BSG (Urteil vom 24.06.2021; Aktenzeichen B 7 AY 2/20 R)

 

Tenor

I. Die Berufung gegen das Urteil des Sozialgerichts Dresden vom 6. Mai 2014 wird zurückgewiesen.

II. Außergerichtliche Kosten sind auch für das Berufungsverfahren nicht zu erstatten.

III. Die Revision wird zugelassen.

 

Tatbestand

Der 1966 geborene Kläger ist pakistanischer Staatsangehöriger und reiste nach eigenen Angaben am 9. Dezember 2003 illegal in das Bundesgebiet ein. Am Tag darauf, am 10. Dezember 2003, beantragte er beim damaligen Bundesamt für die Anerkennung ausländischer Flüchtlinge (Bundesamt), ihm Asyl zu gewähren. Für das Verfahren verwendete er einen falschen Namen und gab einen unrichtigen Geburtsort an. Zur Durchführung des Asylverfahrens erhielt er eine Aufenthaltsgestattung. Durch die Zentrale Ausländerbehörde (ZAB) wurde der Kläger der Beklagten zugewiesen (Bescheid vom 12. Januar 2004), die ihm vom 14. Januar 2004 an Grundleistungen nach § 3 Asylbewerberleistungsgesetz (AsylbLG) gewährte.

Während seiner Anhörung vor dem Bundesamt am 12. Januar 2004 hatte der Kläger erläutert, verheiratet zu sein und mit seiner Ehefrau für fünf gemeinsame minderjährige Kinder gesorgt zu haben. In seinem Dorf sei er der größte Landbesitzer gewesen und habe Arbeiter beschäftigt. Da er eine bestimmte politische Partei nicht unterstützen wollte, sei er von der Polizei verfolgt worden, weshalb er Pakistan verlassen habe, um sich in Europa in Sicherheit eine neue Existenz aufzubauen. Unterdessen bewirtschafte seine Ehefrau die landwirtschaftlichen Flächen während seiner Abwesenheit. Das Bundesamt lehnte den Asylantrag des Klägers ab (Bescheid vom 15. April 2004). Abschiebungshindernisse lägen nicht vor. Der Kläger wurde aufgefordert, die Bundesrepublik Deutschland innerhalb eines Monats zu verlassen. Ansonsten werde er nach Pakistan abgeschoben. Die daraufhin erhobene Klage wies das Verwaltungsgericht L…. ab (Urteil vom 22. März 2005 - A 7 K 30300/04).
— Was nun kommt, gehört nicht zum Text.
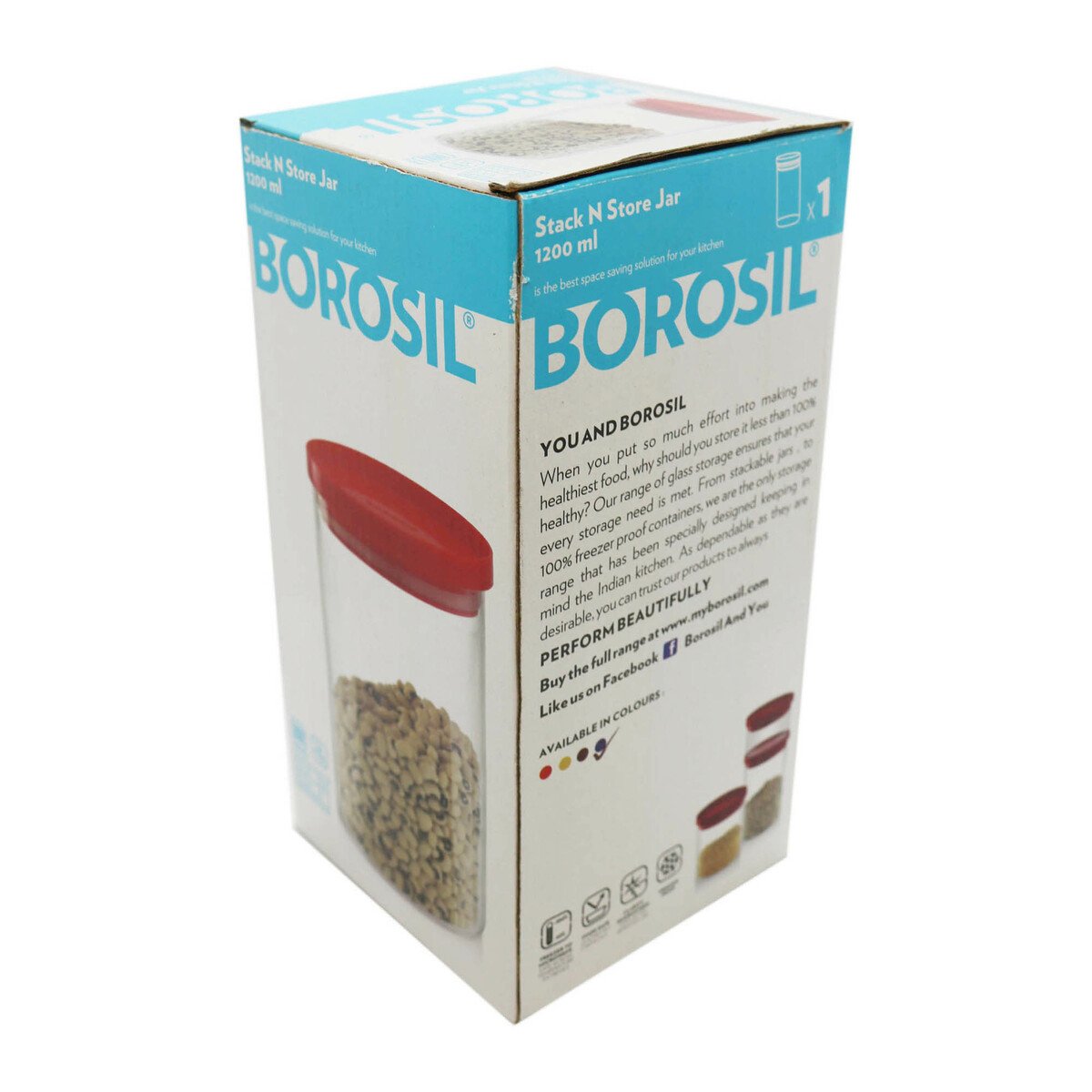 Borosil Glass Jar Stacks 1200ml 961200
Die Rechtskraft trat am 2. Juni 2005 ein. Die Abschiebungsandrohung war vollziehbar seit dem 4. Juli 2005. Der Aufenthalt des Klägers im Bundesgebiet wurde fortan geduldet, weil er nicht über die zur Rückreise notwendigen Identitätspapiere verfügte.

Mit Schreiben vom 6. November 2007 informierte die örtliche Ausländerbehörde darüber, dass der Kläger bei der Passbeschaffung nicht mitgewirkt habe. Die entsprechende Aufforderung erfolgte seitens der ZAB mit Bescheid vom 2. September 2005. Auf die Mahnschreiben vom 17. Oktober 2006 und vom 12. September 2007 reagierte der Kläger nicht. Deshalb verfügte die Beklagte die Ausweisung des Klägers mit Bescheid vom 10. Januar 2008. Weil er an einer Lungentuberkulose erkrankte, wurde der Kläger am 26. Februar 2008 im Fachkrankenhaus C.... stationär behandelt bis zum 18. März 2008. In der Folge waren häufiger Notfalleinsätze wegen Luftnot aufgrund asthmatischer Beschwerden zu verzeichnen.
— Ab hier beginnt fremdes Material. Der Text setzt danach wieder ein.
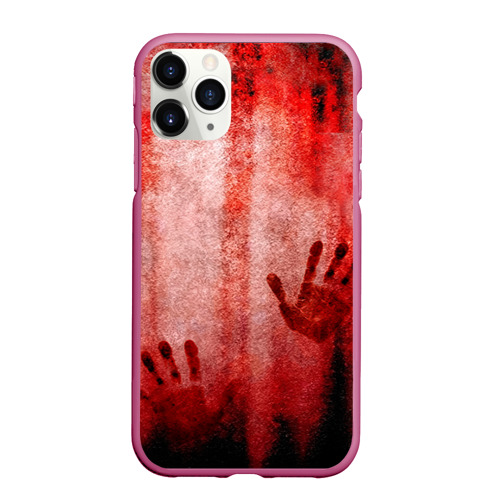 Чехол для iPhone 11 Pro Max матовый Кровавые отпечатки, цвет малиновый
Am 10. August 2009 wurde die Tochter des Klägers geboren. Sie verfügt über die deutsche Staatsangehörigkeit, da ihre Mutter Deutsche ist. Mutter und Tochter bezogen sodann Leistungen nach dem Zweiten Buch Sozialgesetzbuch (SGB II). Seine Vaterschaft hatte der Kläger bereits am 20. Januar 2009 gegenüber der Beklagten anerkannt. Am 17. März 2009 beantragte er sodann, ihm eine Aufenthaltserlaubnis zu erteilen. Daraufhin forderte die Beklagte den Kläger mit Schreiben vom 23. März 2009 nochmals dazu auf, bei der Passbeschaffung mitzuwirken. Schließlich teilte die örtliche Ausländerbehörde mit Schreiben vom 6. Oktober 2009 mit, dass der Kläger seine Identität nunmehr durch Vorlage des am 29. September 2009 ausgestellten Reisepasses ...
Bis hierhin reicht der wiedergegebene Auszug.